Intermittent presumptive treatment (IPT) in pregnancy involves giving a curative treatment dose of an effective antimalarial drug at predefined intervals during pregnancy. IPT in pregnancy was first introduced in areas of high malaria transmission as a measure to reduce the adverse impact of Plasmodium falciparum malaria in pregnancy [1,2,3,4,5,6,7,8]. Later, based on trials showing that IPT could reduce anaemia in young children and also malaria episodes in infants, it was extended as a measure to reduce morbidity and mortality in the first year of life [9,10,11,12].
Antimalarial chemoprophylaxis for pregnant women living in endemic areas has been recommended for many years, but in practice has been limited to the use of chloroquine and pyrimethamine [13,14]. Unfortunately, there are few places left in the world where these drugs can still be relied upon to prevent P. falciparum malaria. There are insufficient safety data on the newer antimalarials to warrant their systematic use in pregnant women. IPT with sulphadoxine-pyrimethamine (SP) has been introduced as an alternative. Antimalarial chemoprophylaxis in young children has been shown to reduce the adverse impact of P. falciparum malaria [15,16,17], but this intervention never obtained the same endorsement as chemoprophylaxis in pregnancy.

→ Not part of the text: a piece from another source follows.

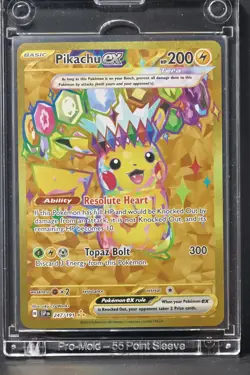 Pokemon Pikachu Ex Surging Sparks Rare Full Art Holo Foil Card 247/191 And Chain - Image 3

Five randomised trials of IPT in pregnancy in East Africa have been reported [1,2,3,4,5], all with SP, all in high-transmission settings, and all done between 1992 and 1999 (Table S1). The alarming recent increase in resistance to SP in Africa confounds the cost-effectiveness assessments upon which subsequent policy recommendations for IPT in pregnancy were based [18,19].
There is no consensus on how IPT works, making planning difficult. This article argues that IPT provides mainly intermittent suppressive chemoprophylaxis (as opposed to treatment effect alone or some other magical effects which have never been specified). If this is correct dosing schedules should be individualised for each antimalarial depending on the drug's pharmacokinetic and pharmacodynamic properties. As increasing resistance to SP must seriously compromise IPT regimens based on this drug, the evaluation of available new effective antimalarials is needed urgently, in both high- and low-transmission areas.